##### DATA PROVIDED #####

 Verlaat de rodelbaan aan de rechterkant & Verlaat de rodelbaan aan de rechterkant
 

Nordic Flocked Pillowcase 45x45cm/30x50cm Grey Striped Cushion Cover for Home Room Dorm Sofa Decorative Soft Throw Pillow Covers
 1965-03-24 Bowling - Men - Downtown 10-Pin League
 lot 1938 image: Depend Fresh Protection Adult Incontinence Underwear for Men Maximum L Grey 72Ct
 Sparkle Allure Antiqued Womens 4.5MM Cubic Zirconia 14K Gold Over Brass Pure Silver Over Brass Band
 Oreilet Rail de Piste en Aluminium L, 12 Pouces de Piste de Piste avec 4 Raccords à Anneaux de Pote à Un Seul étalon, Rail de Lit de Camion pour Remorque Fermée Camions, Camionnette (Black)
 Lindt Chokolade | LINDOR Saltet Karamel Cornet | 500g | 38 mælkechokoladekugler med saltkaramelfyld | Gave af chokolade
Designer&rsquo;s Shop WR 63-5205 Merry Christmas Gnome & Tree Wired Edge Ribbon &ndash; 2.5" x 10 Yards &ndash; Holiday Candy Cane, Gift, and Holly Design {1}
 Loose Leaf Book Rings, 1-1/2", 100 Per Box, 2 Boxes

#####
##### DATA PROVIDED #####

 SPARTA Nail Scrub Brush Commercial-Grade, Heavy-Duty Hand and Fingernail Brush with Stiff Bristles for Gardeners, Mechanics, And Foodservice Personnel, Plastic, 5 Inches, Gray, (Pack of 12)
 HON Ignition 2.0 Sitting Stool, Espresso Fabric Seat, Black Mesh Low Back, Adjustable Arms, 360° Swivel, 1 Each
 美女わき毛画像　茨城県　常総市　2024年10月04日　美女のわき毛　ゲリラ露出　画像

#####
##### DATA PROVIDED #####

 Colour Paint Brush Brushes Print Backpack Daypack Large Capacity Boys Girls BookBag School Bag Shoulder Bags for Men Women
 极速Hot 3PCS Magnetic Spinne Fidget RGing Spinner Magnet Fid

#####

— TASK GOAL —
Report each line above containing the string "Brush".

— ANSWER BOX —
 SPARTA Nail Scrub Brush Commercial-Grade, Heavy-Duty Hand and Fingernail Brush with Stiff Bristles for Gardeners, Mechanics, And Foodservice Personnel, Plastic, 5 Inches, Gray, (Pack of 12)
 Colour Paint Brush Brushes Print Backpack Daypack Large Capacity Boys Girls BookBag School Bag Shoulder Bags for Men Women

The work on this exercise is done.